Note to paragraph (a)(26): Reserves should not be assigned to adjacent reservoirs isolated by major,
potentially sealing, faults until those reservoirs are penetrated and evaluated as economically
producible. Reserves should not be assigned to areas that are clearly separated from a known
accumulation by a non‐productive reservoir ( i.e. , absence of reservoir, structurally low reservoir, or
negative test results). Such areas may contain prospective resources ( i.e. , potentially recoverable
resources from undiscovered accumulations).

(8)    Undeveloped oil and gas reserves. Undeveloped oil and gas reserves are reserves of any category
that are expected to be recovered from new wells on undrilled acreage, or from existing wells where
a relatively major expenditure is required for recompletion.
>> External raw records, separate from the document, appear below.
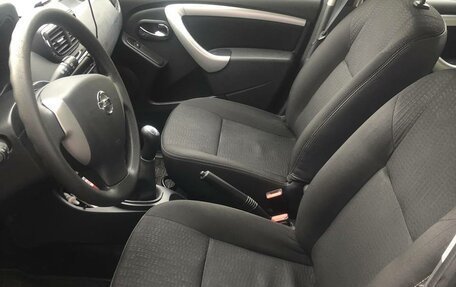 Nissan Terrano III, 2016 год, 1 500 000 рублей, 7 фотография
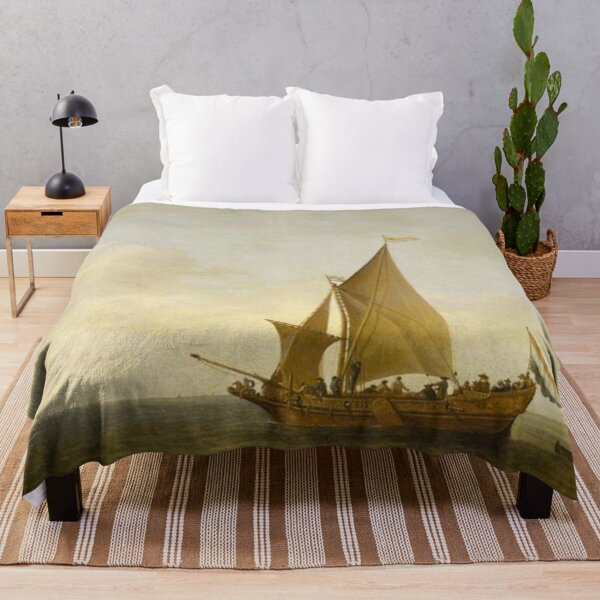 Item preview, A Dutch Yacht from Zeeland designed and sold by SharonTheFirst.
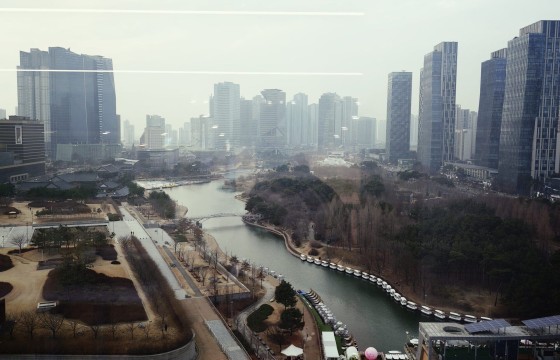 퇴근길
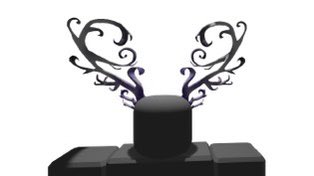 cutzmxrder's tweet photo. 🚨 FREE NEW LIMITED UGC ALERT 
 Get ready for the Arctic Lavender Antlers, dropping on 4/16 at 9:30 PM EST!
&amp; Help us boost our stock - every like =
+2 stock, and every follow = +3 stock!
We start at 0, so let's make this count!
#RobloxUGC #limitedugc #Roblox https://t.co/MoeV7znxRy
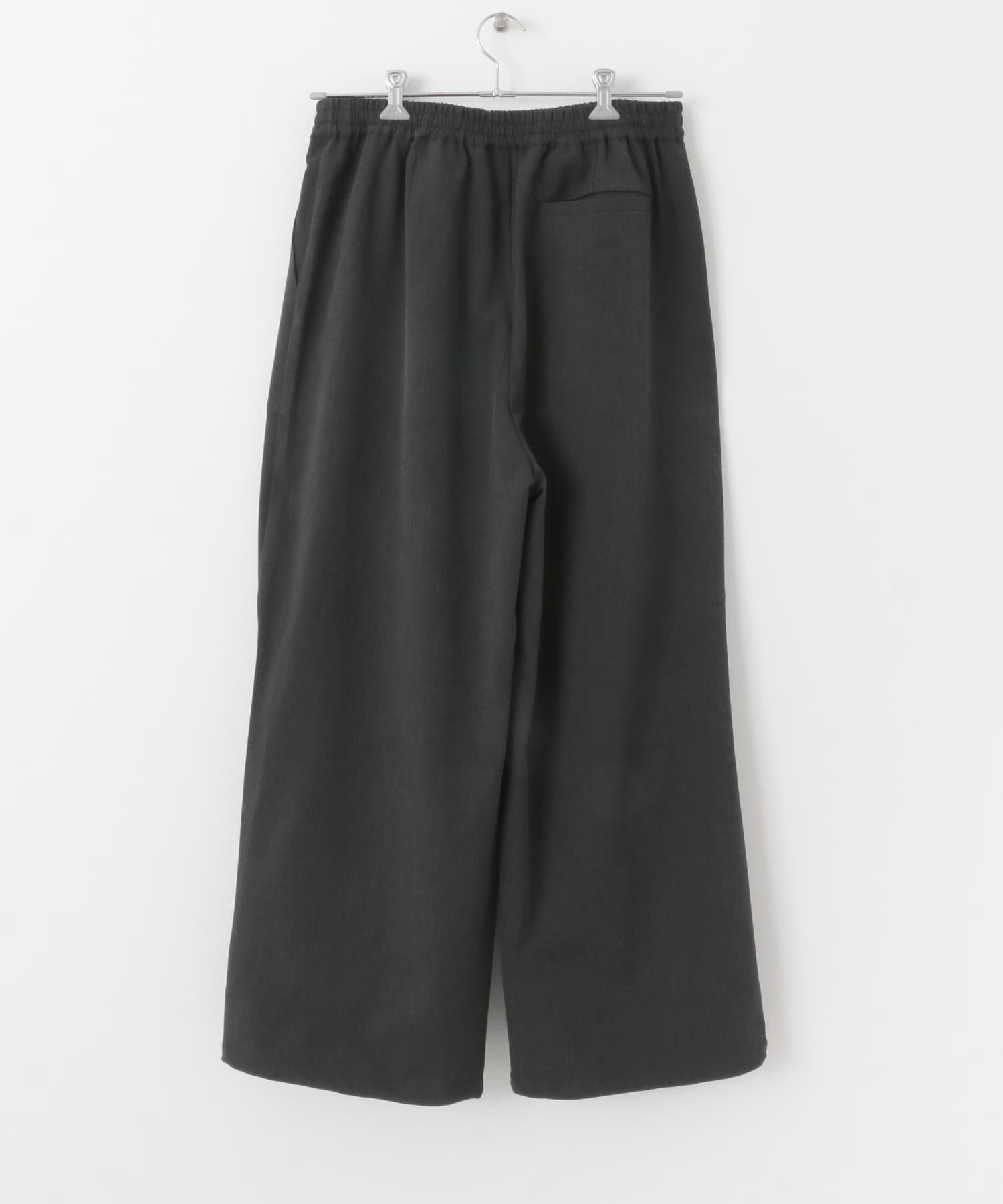 イージーパラシュートパンツ CHARCOAL M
(i)    Reserves on undrilled acreage shall be limited to those directly offsetting development
spacing areas that are reasonably certain of production when drilled, unless evidence using
reliable technology exists that establishes reasonable certainty of economic producibility at
greater distances.
(ii) Undrilled locations can be classified as having undeveloped reserves only if a development
plan has been adopted indicating that they are scheduled to be drilled within five years,
unless the specific circumstances, justify a longer time.
(iii) Under no circumstances shall estimates for undeveloped reserves be attributable to any
acreage for which an application of fluid injection or other improved recovery technique is
contemplated, unless such techniques have been proved effective by actual projects in the
same reservoir or an analogous reservoir, as defined in paragraph (a)(2) of this section, or
by other evidence using reliable technology establishing reasonable certainty.